将特征数据加载到 BigQuery 表或视图后,您需要将此数据源提供给 Vertex AI Feature Store 以进行在线传送。您可以通过以下两种方式将数据源连接到在线传送资源,例如在线存储区和特征视图实例:
通过创建特征组和特征来注册数据源:您可以将特征组和特征与在线存储区中的特征视图实例相关联。在这种情况中,您可以通过添加 feature_timestamp 列将数据格式化为时序格式。Vertex AI Feature Store 根据特征时间戳为每个唯一实体 ID 仅传送最新的非 null 值。如需了解如何创建特征组,请参阅创建特征组。如需了解如何在特征组中创建特征,请参阅创建特征。
不创建特征组和特征,直接从数据源传送特征:您可以在特征视图中指定数据源的 URI。请注意,在这种情况下,您无法将数据格式化为时序,也无法在 BigQuery 来源中包含历史数据。每行必须包含与唯一 ID 对应的最新特征值。不支持同一实体 ID 在不同行中多次出现。

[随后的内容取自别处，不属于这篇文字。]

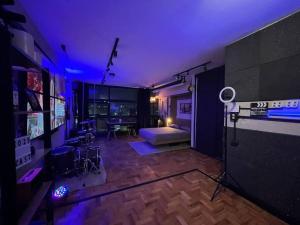 Studio 29 - Excelente espaço com tema musical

由于 Vertex AI Feature Store 允许您在 BigQuery 中维护特征数据并从 BigQuery 数据源传送特征数据,因此无需将特征导入或复制到离线存储区。
数据源准备准则
在 BigQuery 中准备数据源时,请遵循以下准则以了解架构和限制条件:
数据源必须包含以下列:
至少有一个实体 ID 列具有 string 值。此列中的每个值的大小必须小于 4 KB。
如果使用特征组和特征注册数据源,请添加 feature_timestamp 列并将数据格式化为时序格式。feature_timestamp 列包含 timestamp 类型的值。在在线传送期间,Vertex AI Feature Store 会根据此时间戳传送特征的最新非 null 值。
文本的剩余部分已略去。